> **What you should do**:
From the material below, set down exactly the lines that run from the one containing "USED 2017 67" to the one containing "Customized OSB Panel", minus the pictures.

> **Extracted information**:

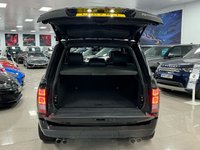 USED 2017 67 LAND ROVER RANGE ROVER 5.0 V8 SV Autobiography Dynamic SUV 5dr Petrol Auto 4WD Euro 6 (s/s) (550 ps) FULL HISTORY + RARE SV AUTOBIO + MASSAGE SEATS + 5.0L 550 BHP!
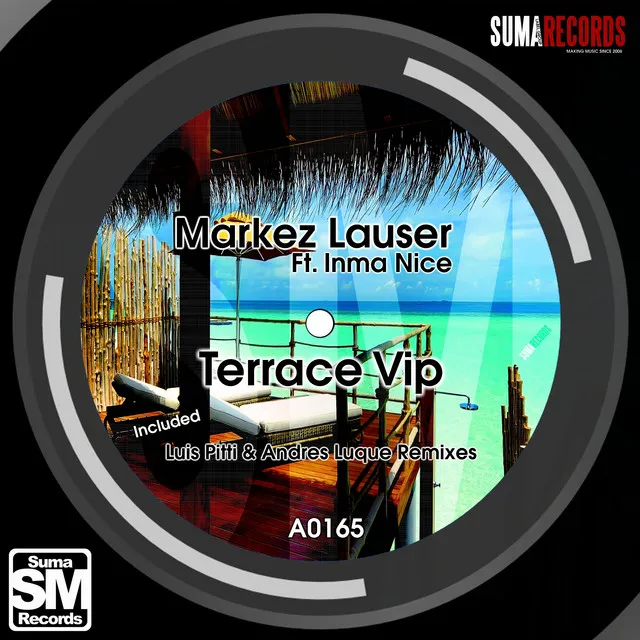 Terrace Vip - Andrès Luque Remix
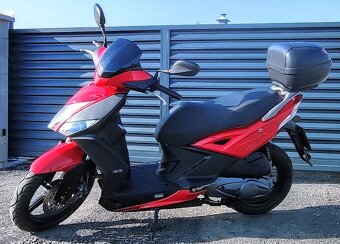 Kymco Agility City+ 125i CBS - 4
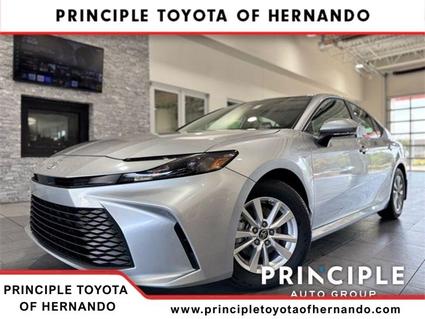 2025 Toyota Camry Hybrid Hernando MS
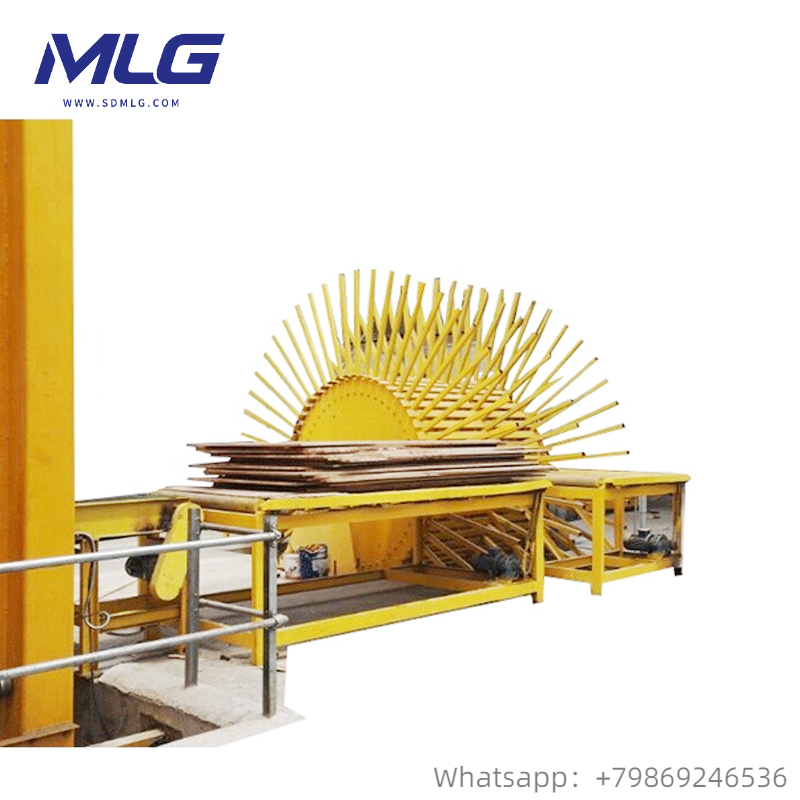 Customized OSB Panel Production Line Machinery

* * *

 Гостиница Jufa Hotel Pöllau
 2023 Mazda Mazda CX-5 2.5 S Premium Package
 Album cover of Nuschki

---

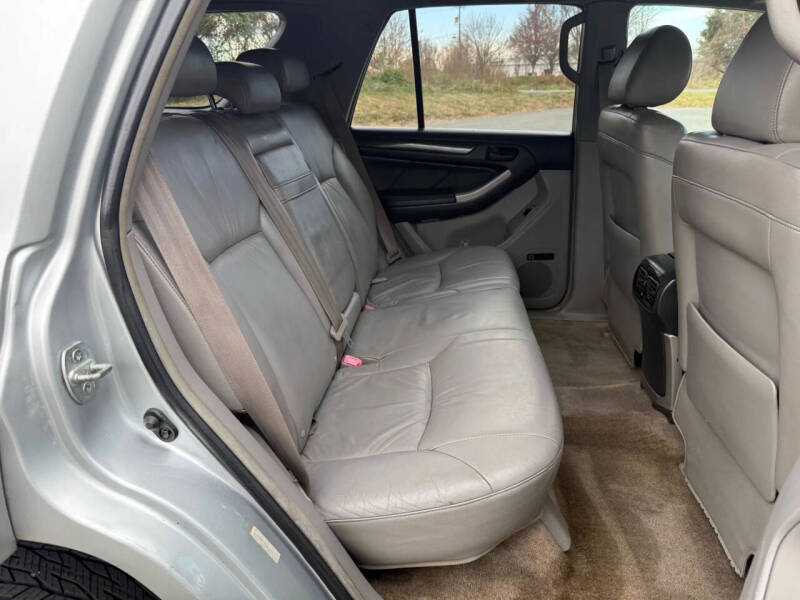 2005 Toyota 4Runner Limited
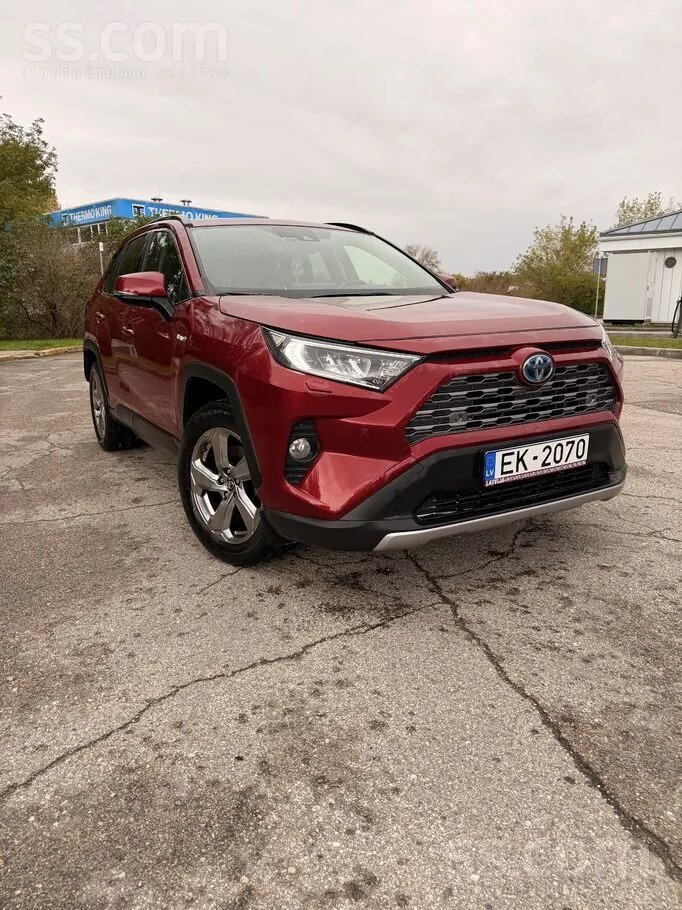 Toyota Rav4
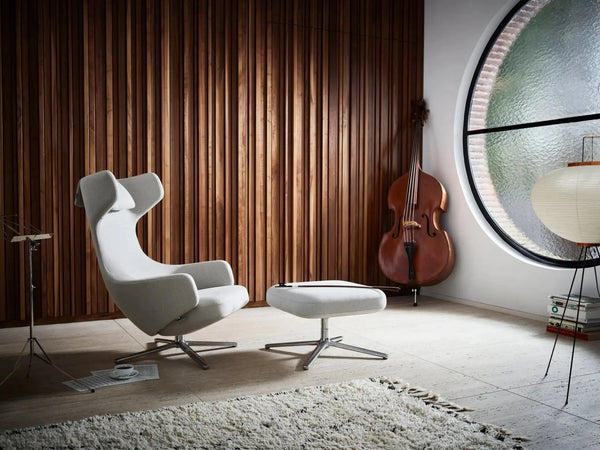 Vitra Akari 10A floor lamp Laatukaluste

> **Response box**:
 USED 2017 67 LAND ROVER RANGE ROVER 5.0 V8 SV Autobiography Dynamic SUV 5dr Petrol Auto 4WD Euro 6 (s/s) (550 ps) FULL HISTORY + RARE SV AUTOBIO + MASSAGE SEATS + 5.0L 550 BHP!
 Terrace Vip - Andrès Luque Remix
 Kymco Agility City+ 125i CBS - 4
 2025 Toyota Camry Hybrid Hernando MS
 Customized OSB Panel Production Line Machinery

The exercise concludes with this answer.